I had a lousy day yesterday. Just one of those things. Maybe Monday will be better. I still hesitate to buy myself a birthday present for financial reasons. The holidays are always very rough on me, particularly the pressure to believe in something absurd. I keep trying to end my relationship with the church, but feel duty bound to stay and help out…
Quarter of ten. I just reread “The Sisters” by James Joyce. Very subtle and symbolic. Speaking of sisters, I should probably call mine this morning, but I’m still kind of mad at her for not calling me on Christmas Day. I generally feel frustrated and uneasy with my situation in the church and some of my friends. I realize what a hypocrite I am to continue going to church when I have no faith in Jesus Christ. This fact bothered me all during the summertime. It sometimes seems that words only get me into trouble, so maybe I should just play my bass and keep my mouth shut. Two decades ago I was in a band with a guitarist who used to say, “Play your bass, Rob.” In other words, shut up… In addition to these problems, I haven’t been very mentally well lately. But overall, I’m just not a happy camper, especially on WordPress. I can’t expect myself to change the world singlehandedly, and besides, I don’t have the right. I think I’m simply in the wrong place, and ought to look elsewhere for friends. As it is, I’m butting my head against an implacable wall.

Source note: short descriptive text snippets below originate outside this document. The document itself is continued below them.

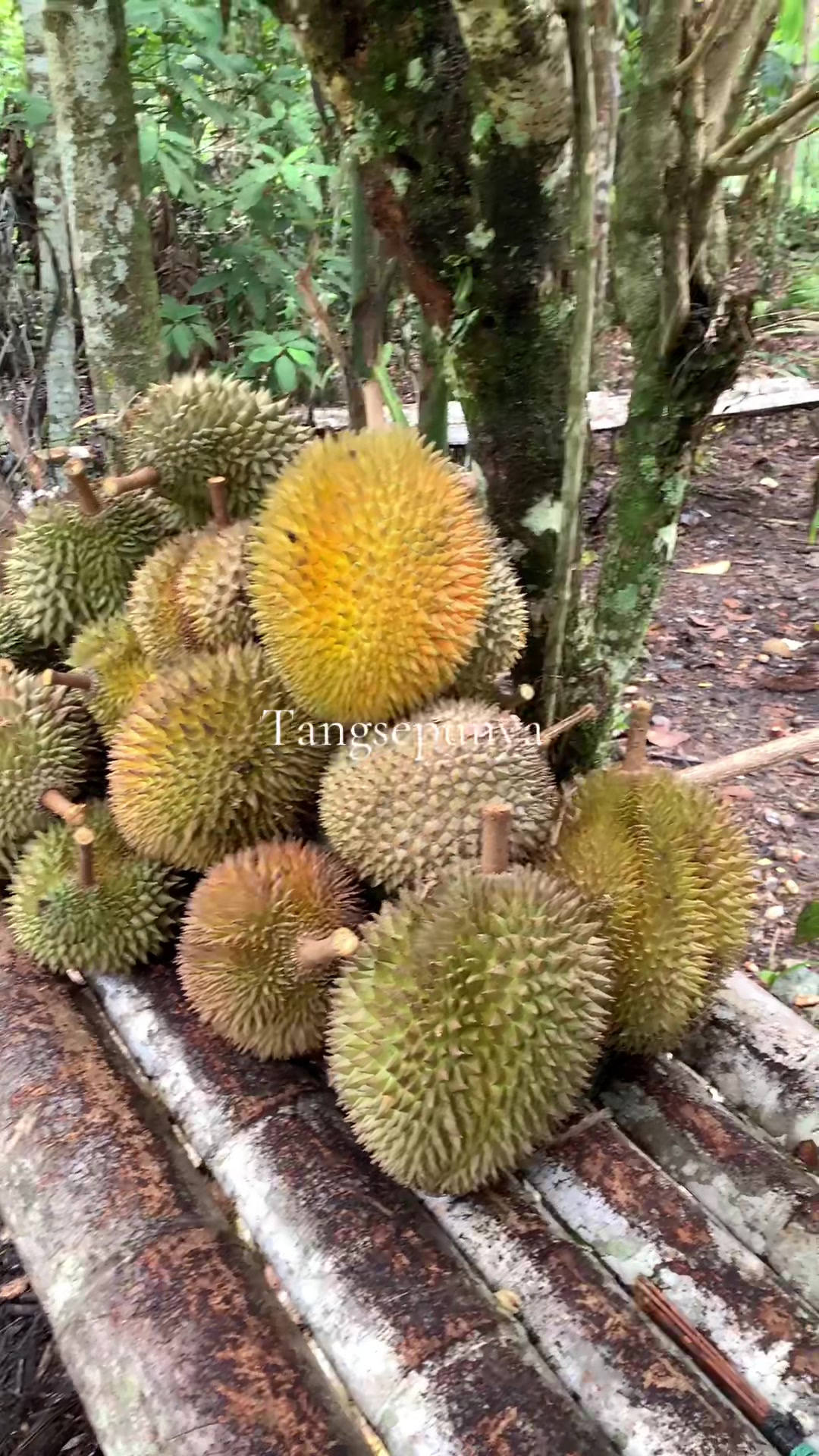 @tangse_punya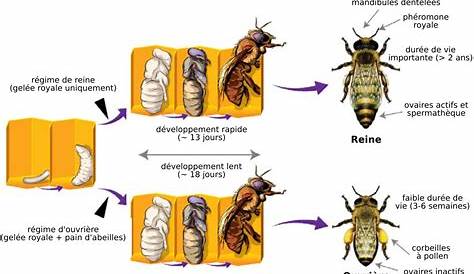 Cycle de vie de l\'abeille
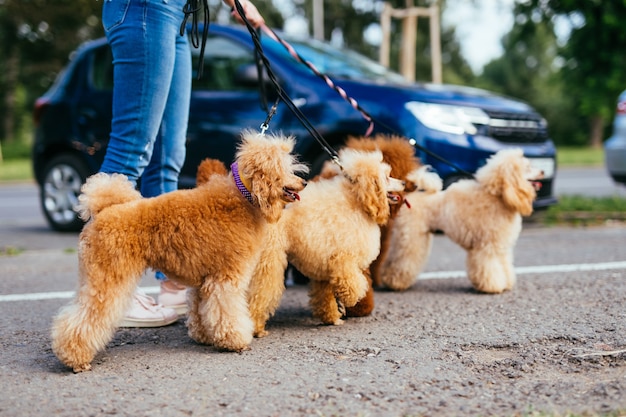 Beautiful middle age blonde woman enjoys walking with her adorable miniature poodles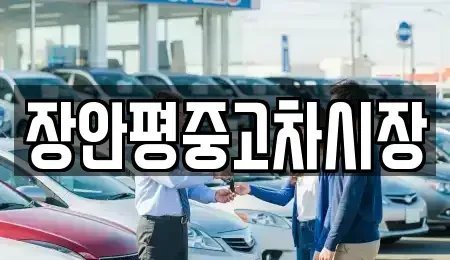 서울특별시 성동구 금호동4가 중고차 전문 장안평중고차시장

Three forty in the morning.
I have insomnia tonight from the Snapple teas I drank. But they also gave me the motivation to do some housework. The new reading glasses arrived in yesterday’s mail. I suppose they’re functional enough. Meanwhile the old ones broke. Blogging is not very rewarding right now in terms of getting likes from followers, but it doesn’t mean they’re not reading every post. Obtaining likes can become an addiction for some people. So, I will just keep posting stuff for my own benefit…
It sucks to be up in the middle of the night, when no one else is awake and it’s dark outside. I know a few people who operate on the assumption that “money makes the world go round.” Their worldview is strictly materialistic, and they see nothing wrong with this. The only power they know of is the dollar sign. Something called to my mind the spiritualism of 19th Century novelists like Dostoevsky, and their mental battle against materialism rising in their culture. How important is it for people to acknowledge some kind of spiritual life? How blind are the ones who don’t? “Read it to be wise, believe it to be safe, and practice it to be holy.” Sometimes the wonder goes completely out of my life, and then I know there’s trouble. Karamazov is a brilliant book, so I think I’ll go back and revisit the opening sections. Or, I can keep struggling with Victor Hugo… Another thought is that the university I went to was really geared towards materialism, with some exceptions. This was the indoctrination I received. But you can always get another indoctrination.
Three forty in the morning.
I went to bed and thought about an old song by John McLaughlin on Birds of Fire, “Miles Beyond.” A good friend lent me his cassette tape of the album in the fall of 1987, when we were forming a rock band with one other person. I had been very depressed over a failed relationship, but beginning in November, things turned around for me. I was pondering why I drank with my parents in my youth, and I still don’t know why. It enhanced my sense of self esteem, even out of proportion to reality. This is the narcissism component of alcoholism. It feels great to be in love with yourself, but ultimately it’s a delusion of grandeur. For all those years of alcohol abuse, I could have been someone quite different. At the time, it helped me compensate for feeling like a loser in high school. There was nothing else to empower me, so I fell for an illusion of power. I didn’t realize what a force writing could be until four years ago. An acquaintance wrote to me in January 2007, “Words hold definite power,” and now I believe her.